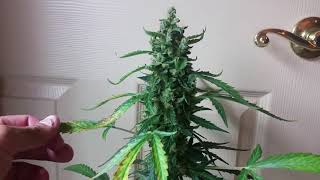 White Widow Autoflower Indoor Grow Harvest Day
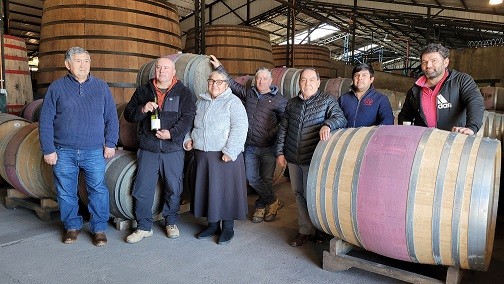 De Ñuble al mundo: El viaje asociativo de castañas y moscatel de Ñuble para llegar a las mesas extranjeras
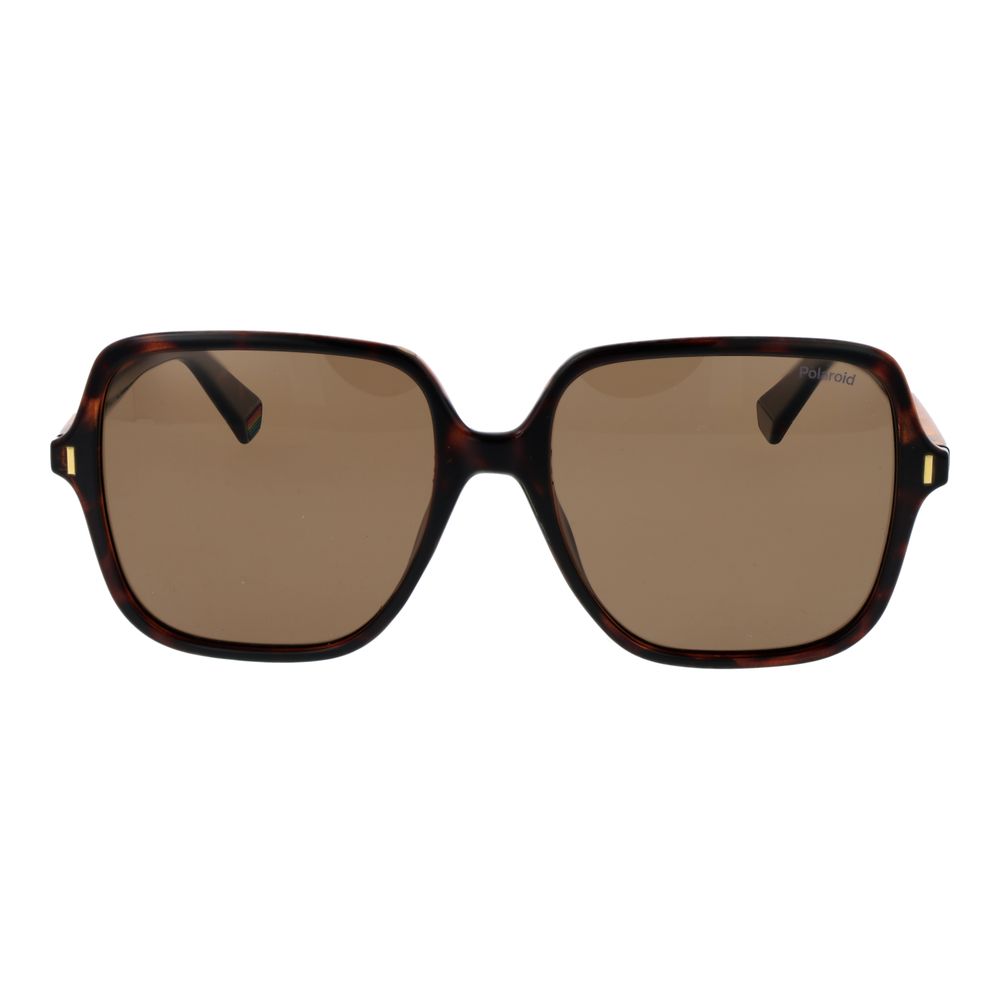 Brown Plastic Sunglasses - ventzia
▬▬▬▬▬▬▬▬▬▬
TASK ITEM –
No pictures belong in the copy; quote exactly the lines from the line containing "De Ñuble al" through the final line of the material, both ends included.

COMPLETED EXERCISE –
 De Ñuble al mundo: El viaje asociativo de castañas y moscatel de Ñuble para llegar a las mesas extranjeras
 Brown Plastic Sunglasses - ventzia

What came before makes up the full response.